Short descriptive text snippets
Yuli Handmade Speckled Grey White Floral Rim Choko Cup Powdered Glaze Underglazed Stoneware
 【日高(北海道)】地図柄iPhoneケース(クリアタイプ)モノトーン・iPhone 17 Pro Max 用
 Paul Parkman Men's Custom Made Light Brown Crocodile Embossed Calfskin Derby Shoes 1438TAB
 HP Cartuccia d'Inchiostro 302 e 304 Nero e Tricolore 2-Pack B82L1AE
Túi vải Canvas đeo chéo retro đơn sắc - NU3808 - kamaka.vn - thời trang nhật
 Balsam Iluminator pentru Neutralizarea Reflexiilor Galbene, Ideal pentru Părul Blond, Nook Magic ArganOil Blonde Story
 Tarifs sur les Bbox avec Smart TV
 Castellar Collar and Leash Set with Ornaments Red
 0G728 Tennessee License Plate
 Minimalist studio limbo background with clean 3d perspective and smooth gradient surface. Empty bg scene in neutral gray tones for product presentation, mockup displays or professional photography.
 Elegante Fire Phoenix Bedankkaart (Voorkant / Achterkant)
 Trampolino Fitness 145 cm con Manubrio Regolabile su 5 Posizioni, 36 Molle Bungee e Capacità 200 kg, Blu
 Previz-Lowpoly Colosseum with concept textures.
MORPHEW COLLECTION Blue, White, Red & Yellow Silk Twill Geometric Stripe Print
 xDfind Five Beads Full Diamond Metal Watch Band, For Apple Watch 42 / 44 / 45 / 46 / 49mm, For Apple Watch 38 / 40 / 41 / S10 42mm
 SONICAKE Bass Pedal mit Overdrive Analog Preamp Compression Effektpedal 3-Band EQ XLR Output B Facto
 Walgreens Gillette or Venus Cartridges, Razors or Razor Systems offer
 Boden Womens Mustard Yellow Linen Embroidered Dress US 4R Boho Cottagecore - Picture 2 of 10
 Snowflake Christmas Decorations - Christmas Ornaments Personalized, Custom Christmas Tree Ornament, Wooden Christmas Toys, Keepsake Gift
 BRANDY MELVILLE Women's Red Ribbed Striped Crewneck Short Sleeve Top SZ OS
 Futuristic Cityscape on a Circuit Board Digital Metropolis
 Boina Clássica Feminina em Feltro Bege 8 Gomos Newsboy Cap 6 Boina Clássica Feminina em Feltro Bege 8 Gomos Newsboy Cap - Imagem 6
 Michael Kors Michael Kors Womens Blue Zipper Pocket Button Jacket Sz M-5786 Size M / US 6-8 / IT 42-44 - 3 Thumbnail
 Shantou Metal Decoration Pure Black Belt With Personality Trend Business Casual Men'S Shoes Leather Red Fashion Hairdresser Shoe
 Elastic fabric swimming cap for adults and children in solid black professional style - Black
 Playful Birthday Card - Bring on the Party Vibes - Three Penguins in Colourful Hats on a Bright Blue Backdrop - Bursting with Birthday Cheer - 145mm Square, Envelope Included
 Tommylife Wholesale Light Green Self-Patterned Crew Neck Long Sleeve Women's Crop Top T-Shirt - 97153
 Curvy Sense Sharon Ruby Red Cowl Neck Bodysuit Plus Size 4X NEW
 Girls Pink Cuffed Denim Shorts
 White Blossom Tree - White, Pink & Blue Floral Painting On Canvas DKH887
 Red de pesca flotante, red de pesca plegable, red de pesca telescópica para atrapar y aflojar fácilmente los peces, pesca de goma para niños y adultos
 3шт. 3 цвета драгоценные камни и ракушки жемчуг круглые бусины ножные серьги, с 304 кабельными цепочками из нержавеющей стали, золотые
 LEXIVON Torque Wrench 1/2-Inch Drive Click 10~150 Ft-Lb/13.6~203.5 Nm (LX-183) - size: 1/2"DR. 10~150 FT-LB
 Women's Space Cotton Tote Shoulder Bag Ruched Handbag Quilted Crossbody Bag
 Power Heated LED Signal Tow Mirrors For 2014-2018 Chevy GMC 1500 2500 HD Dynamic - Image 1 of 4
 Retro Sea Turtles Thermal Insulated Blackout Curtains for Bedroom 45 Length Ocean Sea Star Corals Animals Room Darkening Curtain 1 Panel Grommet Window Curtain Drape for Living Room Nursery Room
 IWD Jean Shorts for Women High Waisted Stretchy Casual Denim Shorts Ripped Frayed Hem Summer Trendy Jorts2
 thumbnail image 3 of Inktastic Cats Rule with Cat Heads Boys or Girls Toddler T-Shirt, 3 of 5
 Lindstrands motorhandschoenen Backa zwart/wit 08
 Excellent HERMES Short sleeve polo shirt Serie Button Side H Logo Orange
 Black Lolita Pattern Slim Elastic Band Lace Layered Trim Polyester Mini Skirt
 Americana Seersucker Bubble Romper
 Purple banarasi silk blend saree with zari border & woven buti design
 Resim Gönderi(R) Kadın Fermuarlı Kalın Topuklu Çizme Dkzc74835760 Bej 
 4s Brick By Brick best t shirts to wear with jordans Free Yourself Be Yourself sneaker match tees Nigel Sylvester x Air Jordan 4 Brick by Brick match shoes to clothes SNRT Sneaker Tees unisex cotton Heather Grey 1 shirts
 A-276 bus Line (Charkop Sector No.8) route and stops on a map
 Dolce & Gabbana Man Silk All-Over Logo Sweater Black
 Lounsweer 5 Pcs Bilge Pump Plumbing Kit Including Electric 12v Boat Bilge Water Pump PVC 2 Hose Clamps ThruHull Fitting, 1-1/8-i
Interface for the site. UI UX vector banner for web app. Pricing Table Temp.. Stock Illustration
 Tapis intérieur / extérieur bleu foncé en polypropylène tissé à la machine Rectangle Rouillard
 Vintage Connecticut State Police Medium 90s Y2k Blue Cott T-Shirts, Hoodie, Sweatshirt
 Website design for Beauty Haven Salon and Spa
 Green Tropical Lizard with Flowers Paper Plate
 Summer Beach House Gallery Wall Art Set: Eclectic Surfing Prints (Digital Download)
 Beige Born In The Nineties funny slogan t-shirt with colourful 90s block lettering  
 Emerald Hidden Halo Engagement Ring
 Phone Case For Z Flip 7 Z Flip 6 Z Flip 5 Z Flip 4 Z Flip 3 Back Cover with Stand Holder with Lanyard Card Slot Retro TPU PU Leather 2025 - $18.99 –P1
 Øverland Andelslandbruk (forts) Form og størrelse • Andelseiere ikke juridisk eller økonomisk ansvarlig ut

What you will do: All of the data needs to be repeated exactly.

Solution to this problem:
Yuli Handmade Speckled Grey White Floral Rim Choko Cup Powdered Glaze Underglazed Stoneware
 【日高(北海道)】地図柄iPhoneケース(クリアタイプ)モノトーン・iPhone 17 Pro Max 用
 Paul Parkman Men's Custom Made Light Brown Crocodile Embossed Calfskin Derby Shoes 1438TAB
 HP Cartuccia d'Inchiostro 302 e 304 Nero e Tricolore 2-Pack B82L1AE
Túi vải Canvas đeo chéo retro đơn sắc - NU3808 - kamaka.vn - thời trang nhật
 Balsam Iluminator pentru Neutralizarea Reflexiilor Galbene, Ideal pentru Părul Blond, Nook Magic ArganOil Blonde Story
 Tarifs sur les Bbox avec Smart TV
 Castellar Collar and Leash Set with Ornaments Red
 0G728 Tennessee License Plate
 Minimalist studio limbo background with clean 3d perspective and smooth gradient surface. Empty bg scene in neutral gray tones for product presentation, mockup displays or professional photography.
 Elegante Fire Phoenix Bedankkaart (Voorkant / Achterkant)
 Trampolino Fitness 145 cm con Manubrio Regolabile su 5 Posizioni, 36 Molle Bungee e Capacità 200 kg, Blu
 Previz-Lowpoly Colosseum with concept textures.
MORPHEW COLLECTION Blue, White, Red & Yellow Silk Twill Geometric Stripe Print
 xDfind Five Beads Full Diamond Metal Watch Band, For Apple Watch 42 / 44 / 45 / 46 / 49mm, For Apple Watch 38 / 40 / 41 / S10 42mm
 SONICAKE Bass Pedal mit Overdrive Analog Preamp Compression Effektpedal 3-Band EQ XLR Output B Facto
 Walgreens Gillette or Venus Cartridges, Razors or Razor Systems offer
 Boden Womens Mustard Yellow Linen Embroidered Dress US 4R Boho Cottagecore - Picture 2 of 10
 Snowflake Christmas Decorations - Christmas Ornaments Personalized, Custom Christmas Tree Ornament, Wooden Christmas Toys, Keepsake Gift
 BRANDY MELVILLE Women's Red Ribbed Striped Crewneck Short Sleeve Top SZ OS
 Futuristic Cityscape on a Circuit Board Digital Metropolis
 Boina Clássica Feminina em Feltro Bege 8 Gomos Newsboy Cap 6 Boina Clássica Feminina em Feltro Bege 8 Gomos Newsboy Cap - Imagem 6
 Michael Kors Michael Kors Womens Blue Zipper Pocket Button Jacket Sz M-5786 Size M / US 6-8 / IT 42-44 - 3 Thumbnail
 Shantou Metal Decoration Pure Black Belt With Personality Trend Business Casual Men'S Shoes Leather Red Fashion Hairdresser Shoe
 Elastic fabric swimming cap for adults and children in solid black professional style - Black
 Playful Birthday Card - Bring on the Party Vibes - Three Penguins in Colourful Hats on a Bright Blue Backdrop - Bursting with Birthday Cheer - 145mm Square, Envelope Included
 Tommylife Wholesale Light Green Self-Patterned Crew Neck Long Sleeve Women's Crop Top T-Shirt - 97153
 Curvy Sense Sharon Ruby Red Cowl Neck Bodysuit Plus Size 4X NEW
 Girls Pink Cuffed Denim Shorts
 White Blossom Tree - White, Pink & Blue Floral Painting On Canvas DKH887
 Red de pesca flotante, red de pesca plegable, red de pesca telescópica para atrapar y aflojar fácilmente los peces, pesca de goma para niños y adultos
 3шт. 3 цвета драгоценные камни и ракушки жемчуг круглые бусины ножные серьги, с 304 кабельными цепочками из нержавеющей стали, золотые
 LEXIVON Torque Wrench 1/2-Inch Drive Click 10~150 Ft-Lb/13.6~203.5 Nm (LX-183) - size: 1/2"DR. 10~150 FT-LB
 Women's Space Cotton Tote Shoulder Bag Ruched Handbag Quilted Crossbody Bag
 Power Heated LED Signal Tow Mirrors For 2014-2018 Chevy GMC 1500 2500 HD Dynamic - Image 1 of 4
 Retro Sea Turtles Thermal Insulated Blackout Curtains for Bedroom 45 Length Ocean Sea Star Corals Animals Room Darkening Curtain 1 Panel Grommet Window Curtain Drape for Living Room Nursery Room
 IWD Jean Shorts for Women High Waisted Stretchy Casual Denim Shorts Ripped Frayed Hem Summer Trendy Jorts2
 thumbnail image 3 of Inktastic Cats Rule with Cat Heads Boys or Girls Toddler T-Shirt, 3 of 5
 Lindstrands motorhandschoenen Backa zwart/wit 08
 Excellent HERMES Short sleeve polo shirt Serie Button Side H Logo Orange
 Black Lolita Pattern Slim Elastic Band Lace Layered Trim Polyester Mini Skirt
 Americana Seersucker Bubble Romper
 Purple banarasi silk blend saree with zari border & woven buti design
 Resim Gönderi(R) Kadın Fermuarlı Kalın Topuklu Çizme Dkzc74835760 Bej 
 4s Brick By Brick best t shirts to wear with jordans Free Yourself Be Yourself sneaker match tees Nigel Sylvester x Air Jordan 4 Brick by Brick match shoes to clothes SNRT Sneaker Tees unisex cotton Heather Grey 1 shirts
 A-276 bus Line (Charkop Sector No.8) route and stops on a map
 Dolce & Gabbana Man Silk All-Over Logo Sweater Black
 Lounsweer 5 Pcs Bilge Pump Plumbing Kit Including Electric 12v Boat Bilge Water Pump PVC 2 Hose Clamps ThruHull Fitting, 1-1/8-i
Interface for the site. UI UX vector banner for web app. Pricing Table Temp.. Stock Illustration
 Tapis intérieur / extérieur bleu foncé en polypropylène tissé à la machine Rectangle Rouillard
 Vintage Connecticut State Police Medium 90s Y2k Blue Cott T-Shirts, Hoodie, Sweatshirt
 Website design for Beauty Haven Salon and Spa
 Green Tropical Lizard with Flowers Paper Plate
 Summer Beach House Gallery Wall Art Set: Eclectic Surfing Prints (Digital Download)
 Beige Born In The Nineties funny slogan t-shirt with colourful 90s block lettering  
 Emerald Hidden Halo Engagement Ring
 Phone Case For Z Flip 7 Z Flip 6 Z Flip 5 Z Flip 4 Z Flip 3 Back Cover with Stand Holder with Lanyard Card Slot Retro TPU PU Leather 2025 - $18.99 –P1
 Øverland Andelslandbruk (forts) Form og størrelse • Andelseiere ikke juridisk eller økonomisk ansvarlig ut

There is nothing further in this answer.